Most baseball fans probably still aren’t used to MLB’s new rules. Most fans probably miss the way the game was played in “the old days,” just one season ago.
Most fans also probably don’t realize that Cal Poly, along with most of NCAA baseball, was ahead of the curve —this is their second season with a pitch clock.
This is probably the reason why junior pitcher Bryce Warrecker doesn’t notice it as much as one might think, despite the fact that he’s literally dictated by it every time he toes the rubber. The reason why is simple: practice, practice and more practice.
“When we were playing inter-squads before the season, we would [have] the pitch clock on there,” Warrecker said. “Coach Lee’s done a good job of making sure all the pitchers and position players know exactly what we need to do.”
Warrecker said that it’s that practice which has helped him not worry about the pitch clock as much when he’s on the mound.
“In terms of preparation, [I’ve] been preparing before the season…so moving into my starts, it’s just not really in my mind,” Warrecker said.

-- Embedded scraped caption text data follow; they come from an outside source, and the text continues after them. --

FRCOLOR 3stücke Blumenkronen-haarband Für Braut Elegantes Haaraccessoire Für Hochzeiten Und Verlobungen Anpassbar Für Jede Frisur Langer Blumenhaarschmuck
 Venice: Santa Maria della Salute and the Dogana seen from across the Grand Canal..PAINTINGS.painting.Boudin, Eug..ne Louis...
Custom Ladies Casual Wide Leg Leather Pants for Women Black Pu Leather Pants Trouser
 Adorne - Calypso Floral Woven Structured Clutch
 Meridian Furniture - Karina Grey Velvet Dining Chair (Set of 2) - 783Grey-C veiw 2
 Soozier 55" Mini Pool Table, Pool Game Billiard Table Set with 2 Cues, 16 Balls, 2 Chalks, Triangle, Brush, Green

This isn’t to say that he isn’t aware of the potential issues that could arise from the pitch clock — both for pitchers and hitters. In fact, the things he’s noticing are already poking holes in the clock’s intended purpose at the big league level: pace of play.
“I think pace of play has probably increased, [but] there’s been interesting times where we have to step off and maybe pick off to a base to reset the clock, which might be the opposite of speeding up the game at certain times,” Warrecker said.
The potential problems with the relatively new rules are also something that head coach Larry Lee is concerned with — and has been since they were first introduced prior to the start of the NCAA baseball season last year.
However, Lee is a bit more vocal about his concerns compared to his ace.
“When [the rules] first came out, they had the head coaches of the Big West and the umpiring supervisor on a Zoom,” Lee said. “Even just hearing the information for the first time…three different times within the presentation of these new rules, I said, ‘well what if this, this or this happens?’ And they didn’t have answers.”
However, while Lee does admit that both the NCAA and Major League Baseball are doing a much better job enforcing the rules – this is especially true in the Big Leagues, where so far, they are doing exactly what they were designed to with most games are now less than 2 1/2 hours – he still isn’t sure if he’s convinced that they’re going to work long-term.
“There’s always ways of getting around it,” Lee said. “But as long as it speeds up the game, great. I just want to make sure that it’s even for both batter and pitcher.”
Something Warrecker and his coach agree on wholeheartedly is that the competitiveness in the game is better and the clock is only going to help college players prepare for the pros.
“It’s a good thing for us to get used to, for those that want to play professional baseball moving forward. And again, it’s just going to be part of the game,” Warrecker said.
In fact, Warrecker has begun to notice tendencies by Major League pitchers that he could add to his own game at Cal Poly.
“I’ve seen guys like Max Scherzer who really want to take advantage of it and mess with guys’ timing,” Warrecker said. “I think that’s really competitive and a really cool part of the game being introduced that wasn’t there before. So for us to be a part of that too is a cool thing.”
Of course, there are still many questions about the pitch clock that don’t — and won’t— have an answer until much later in the season.
So for now, all that those within the game can do is continue to play, and hope that ‘the more things change, the more they stay the same’ applies to the National Pastime as well.